WASHINGTON -- Liberal Associate Justice John Paul Stevens says he will retire from the U.S. Supreme Court while Barack Obama is president.
Stevens, 89, may leave the high court as early as this year, The Washington Post reported April 4.
"I can tell you that I love the job, and deciding whether to leave it is a very difficult decision," he told The Post. "But I want to make it in a way that's best for the court.
"I will surely do it while [Obama is] president."
If he retires this year, Stevens would announce his decision in time to provide for the nomination and confirmation of a new justice before the court's next term begins in October, he told the newspaper. The court's term normally ends in late June or early July.
The nominee of Republican President Gerald Ford in 1975, Stevens' disclosure confirms he will permit a Democrat to name his replacement.
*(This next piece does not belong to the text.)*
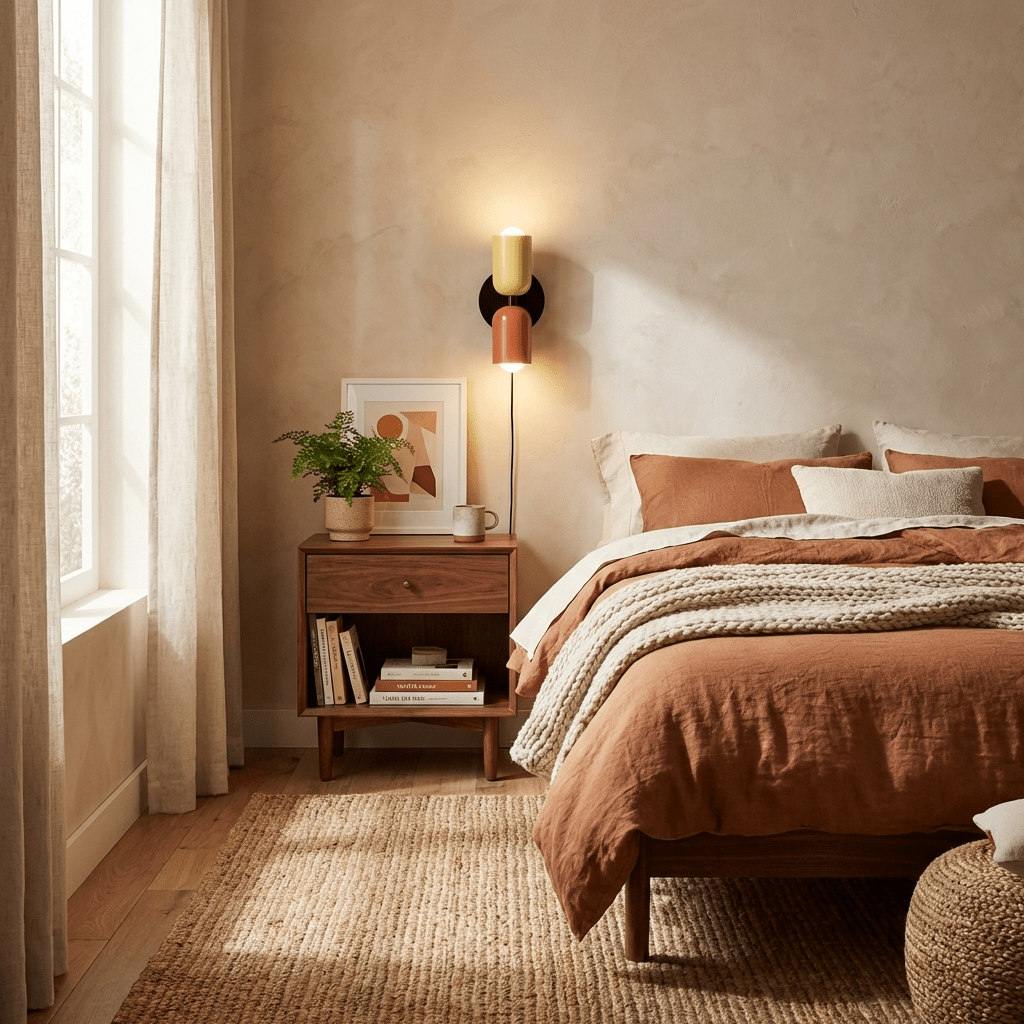 Couleur Double Plug In Wall Lamp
When Stevens retires, Obama is expected to replace the leader of the court's liberal wing with a liberal-leaning justice. Stevens has been the court's leading liberal since at least 1994, when Associate Justice Harry Blackmun retired.
In his votes, Stevens has consistently supported abortion rights and was part of a six-member majority that overturned a state ban on same-sex sodomy in 2003.
Three people have been mentioned in news reports as leading candidates to replace Stevens: U.S. Solicitor General Elena Kagan; Seventh Circuit Court of Appeals Judge Diane Wood; and District of Columbia Circuit Judge Merrick Garland.
A native of Chicago, Stevens served on the Seventh Circuit for five years before joining the Supreme Court.